Demographic Differences of Adults with Diabetes Mellitus- cross-sectional study

Valmi D. Sousa, Jaclene A Zauszniewski, Carol M Musil

Introduction

Diabetes mellitus affects 20.8 million people in the United States,1 and this number will increase to 22 million by 2025.2,3 The disease has significant complications (retinopathies, nephropathies, neuropathies, coronary artery disease, cerebral vascular disease, and peripheral vascular disease) and is  associated with individuals’ personal and environmental factors, such as genetics, age, race/ethnicity, gender, education level, obesity, co-morbidity, and lifestyle.1,3-5

Research suggests that behavior modification to increase diabetes self-care activities is necessary to minimize the effect of these factors in the development and management of diabetes.6-8 Individuals who have confidence in their capability for self-care care (self-efficacy) and actually have the capability for self-care (self-care agency) are more likely to perform self care activities, such as diet and exercise adherence, blood glucose monitoring, and medication administration (oral hypoglycemic and/or insulin) and to manage appropriately their disease and maintain better glycemic control.9-14

Demographic characteristics of individuals with diabetes may influence self-efficacy, self-care agency, and self-care activities, though only few studies have examined the influence of these variables. Researchers have reported that older individuals are more likely to engage in self-care management15-17 and have better glycemic control18 than younger individuals, and that women have a higher level of self-care than males.19 Shorter duration of illness has also been related to greater self-care agency20 and better self-care.21 And, individuals with type 1 diabetes have greater self-efficacy than those with type 2 diabetes.22 However, no studies have examined the effect of a full range of demographics on self-efficacy, self-care agency, self-care activities, and glycemic control. In addition the effects of demographics on diabetes knowledge and social support are not known.

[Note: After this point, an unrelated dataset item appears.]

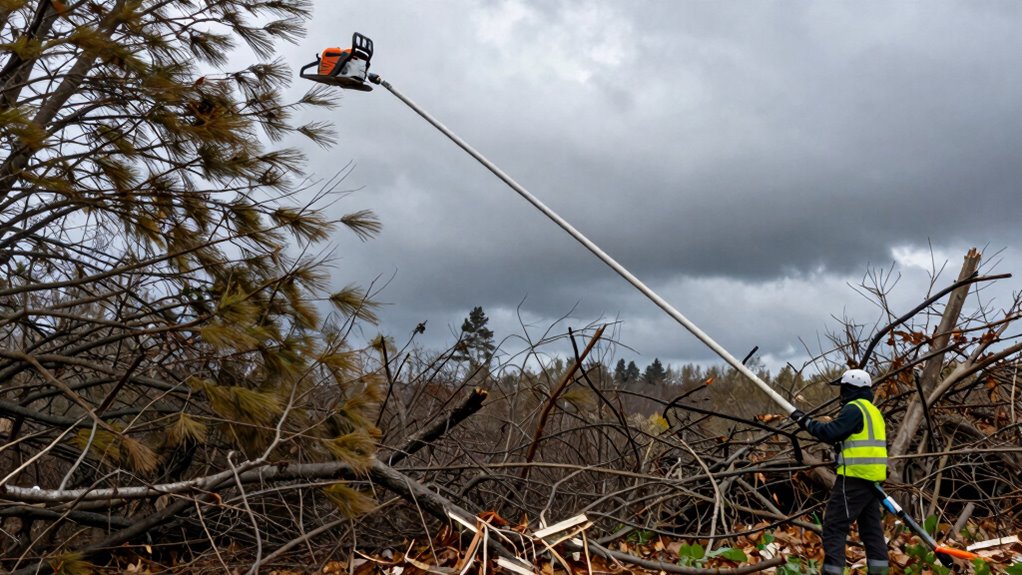 pole saw safety features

Therefore, using the Enhance-Behavior Performance Model (E-BPM)12 as a conceptual framework, this study examined differences in scores on diabetes knowledge, social support, self-efficacy, self-care agency, self-care management, and glycemic control of individuals were males or females, younger or older, with less or more education, with type 1 or type 2 diabetes, and with a shorter or longer duration of diabetes. The E-BPM proposes that personal factors, which include demographic variables, may affect an individual’s performance of self-care activities to achieve a specific outcome. This model was developed from Orem’s23 Theory of Self-Care, Bandura’s24 Self-Efficacy Theory, and published empirical studies of the relationships among these theories’ concepts and related variables.12,13

Methods

Design and Sample

A descriptive, comparative, cross-sectional design was used in the study, which was a secondary analysis of data from a larger study that have been reported elsewhere.12,13 An institutional review board approved the parent study from which the data was taken. Subjects received all necessary information about the study, signed a consent form for participation and to gave permission to researchers review their medical record. Privacy and assurance of confidentiality were provided to each subject. All data were collected in a private office, each subject received a code number, and only researchers had access to the data.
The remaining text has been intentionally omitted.